I'm new to this forum, and would like to request help in identifying a fossil that has been in my possession for about 50 years. When I was a child growing up in Dallas, Texas, my father was a landscape architect who often visited job sites and had excellent relations with various sub-contractors. One day, he brought home a fossil "dinosaur bone" from a private residential swimming pool construction project. It certainly does appear to be a fossil bone from a large animal, and one can even see fossilized marrow in a hole on the specimen - but whether it's from a dinosaur or a mammal, I have no idea and would like some help with here.

The specimen is approximately 90mm long, 60mm wide, and 50mm high. I haven't weighed it.

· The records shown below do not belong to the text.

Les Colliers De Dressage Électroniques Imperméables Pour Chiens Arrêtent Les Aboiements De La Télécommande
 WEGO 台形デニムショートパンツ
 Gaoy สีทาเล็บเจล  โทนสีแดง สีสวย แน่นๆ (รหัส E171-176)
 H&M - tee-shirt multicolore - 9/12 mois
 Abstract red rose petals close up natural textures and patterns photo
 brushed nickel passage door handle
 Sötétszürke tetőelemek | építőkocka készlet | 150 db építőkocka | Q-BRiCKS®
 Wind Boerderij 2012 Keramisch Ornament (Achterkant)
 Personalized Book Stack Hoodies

Although I've worked in museums for much of my professional career (and so I'm motivated both by scientific curiosity as well as a strict adherence to scientific rigor), I've somehow never brought this specimen for any expert to identify. Don't know why - just didn't. My father is still living and a couple of weeks ago I asked him if he remembers any additional information on exactly where, at what depth, etc. this specimen was found. Unfortunately, he does not remember any additional information or context. 
 

I'm including some photos here, but of course would be happy to provide additional ones, or to provide any other information that would prove helpful in identifying this specimen. And thank you very much in advance.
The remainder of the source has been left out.